Instructions for the task: When writing out the listing below, reproduce every word exactly and skip the pictures.

Data for the task:

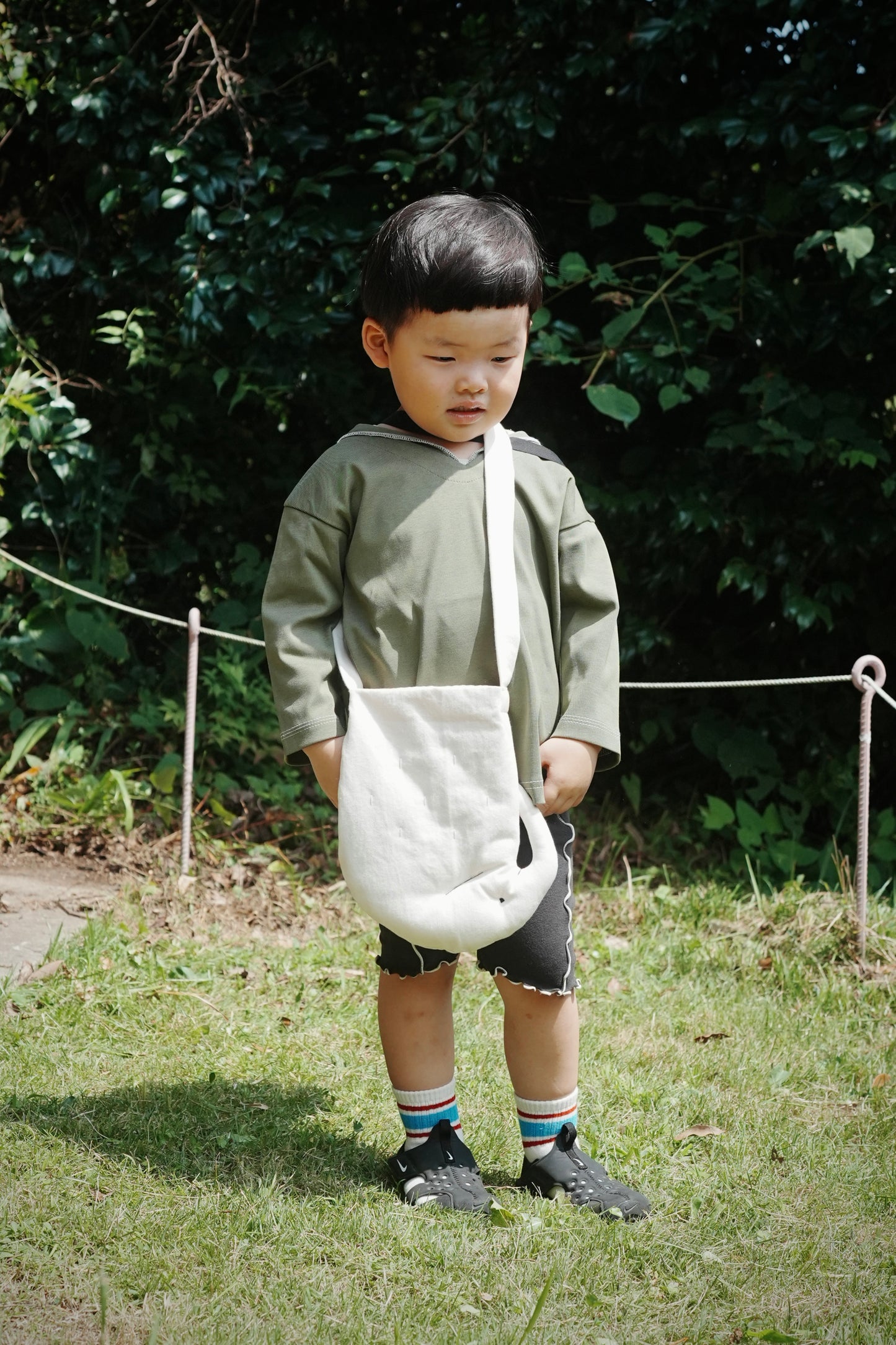 【Lawn】ポシェ二ギー ZOU white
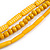 3 Strand Layered Wood Bead Black Cord Necklace In Banana Yellow - 44cm up to 56cm Adjustable - view 4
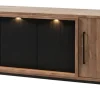 Meubar - Dressoir Trentino - DR8 - K677 - Golden oak/Matt black - 193x83x50cm | Belga Meubelen Discount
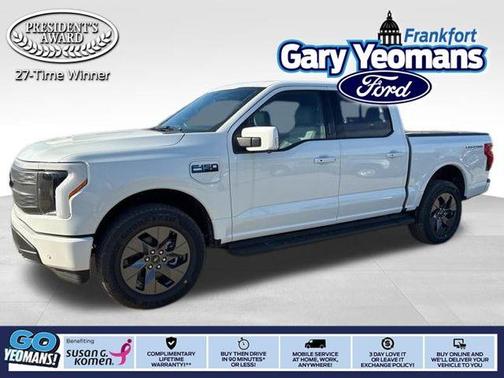 Star White 2025 Ford F-150 Lightning LARIAT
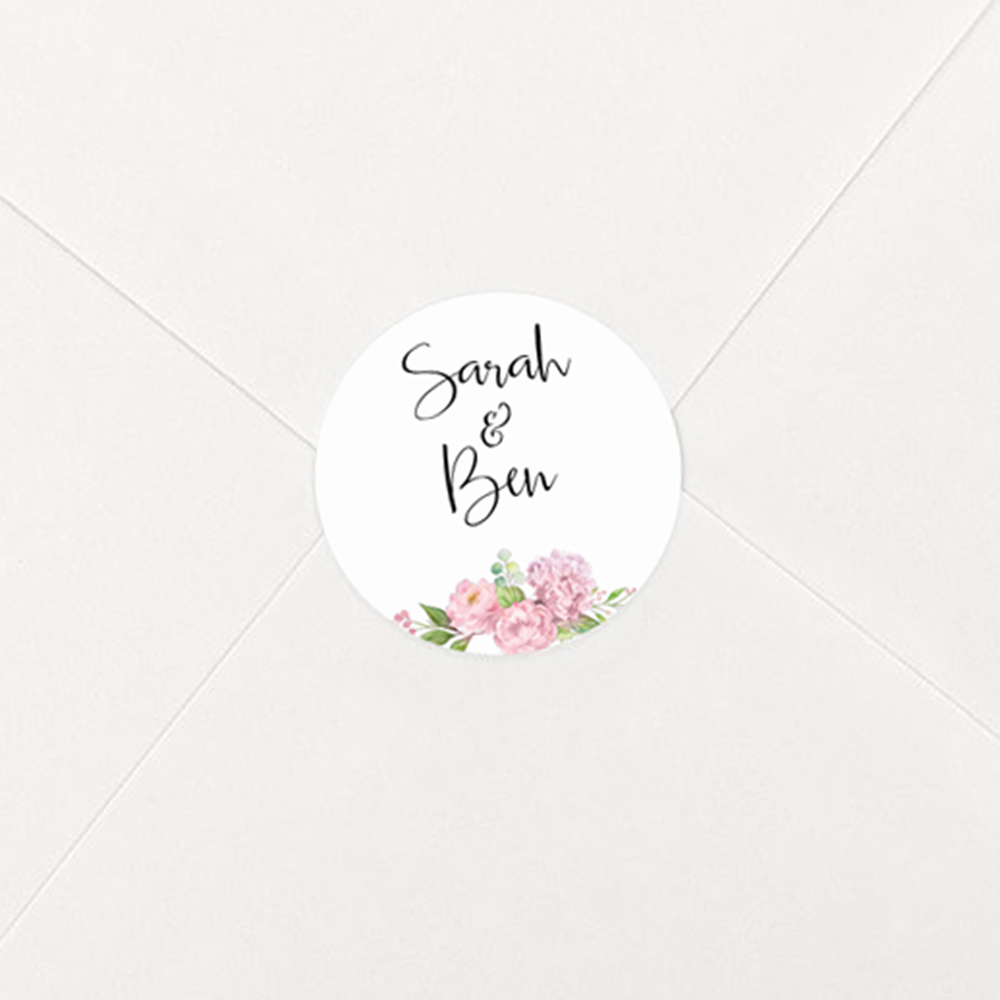 Pack of 'Hydrangea' Stickers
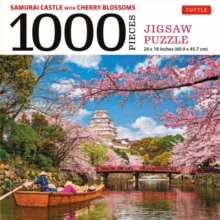 Samurai Castle with Cherry Blossoms 1000 Piece Jigsaw Puzzle : Cherry Blossoms at Himeji Castle (Finished Size 24 in X 18 in)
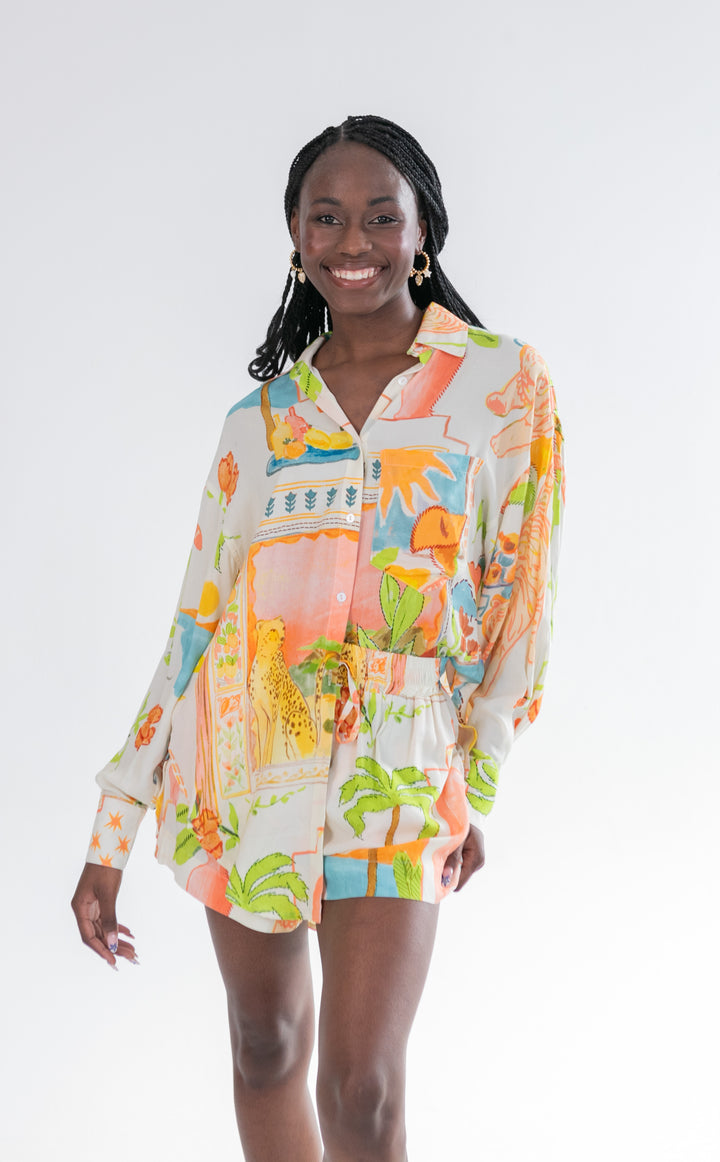 Charlotte Shirt Tiger-TOPS-kindacollection-Kinda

Task solution:
 【Lawn】ポシェ二ギー ZOU white
 3 Strand Layered Wood Bead Black Cord Necklace In Banana Yellow - 44cm up to 56cm Adjustable - view 4
 Meubar - Dressoir Trentino - DR8 - K677 - Golden oak/Matt black - 193x83x50cm | Belga Meubelen Discount
 Star White 2025 Ford F-150 Lightning LARIAT
 Pack of 'Hydrangea' Stickers
 Samurai Castle with Cherry Blossoms 1000 Piece Jigsaw Puzzle : Cherry Blossoms at Himeji Castle (Finished Size 24 in X 18 in)
 Charlotte Shirt Tiger-TOPS-kindacollection-Kinda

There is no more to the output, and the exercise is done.